Uma das principais razões para a constituição de Sarkozy como arguido terá sido a utilização de um segundo telefone registado num nome falso, com o qual tinha conversas com o seu advogado, que tinha também outro telefone com outro nome. Numa delas, ainda segundo as escutas, teriam combinado conversas para ter nos telefones normais, mostrando saber que estavam sob escuta.

Pelo timing da investigação, no momento em que parecia evidente que Sarkozy se preparava para concorrer à liderança do seu partido como primeiro passo para uma nova candidatura presidencial, os seus apoiantes criticam-na como tendo um objectivo político. O Partido Socialista, no poder, nega qualquer interferência – mas quando surgiram notícias das escutas a ministra da Justiça negou saber da sua existência, o que acabou por prejudicar o já desacreditado Governo socialista, já que se sabe agora que Christiane Taubira tinha sido informada. Para o diário Financial Times, tudo isto contribui para o descrédito da classe política, muito invocado para o crescimento da Frente Nacional, e sublinha que as hipóteses de Marine Le Pen poder ser uma séria candidata à presidência em 2017 não devem ser menorizadas.
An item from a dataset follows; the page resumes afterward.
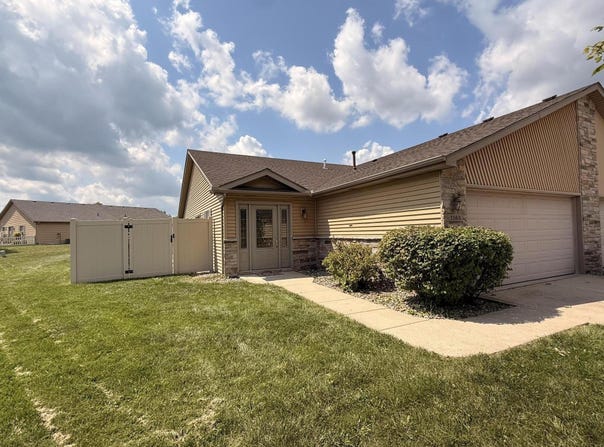 1165 W 86th Place, Merrillville, IN 46410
As opiniões sobre o que acontecerá agora são variáveis. Mesmo que o processo não siga, ou não acabe com uma condenação, as alegações são demasiado graves para que o antigo Presidente consiga sair delas incólume, diz uma corrente. Outros comentadores relativizam. Se em dois anos Hollande passou para o menos popular Presidente, em três anos Sarkozy, que é neste momento mais popular do que Hollande, poderia ter já deixado este caso para trás.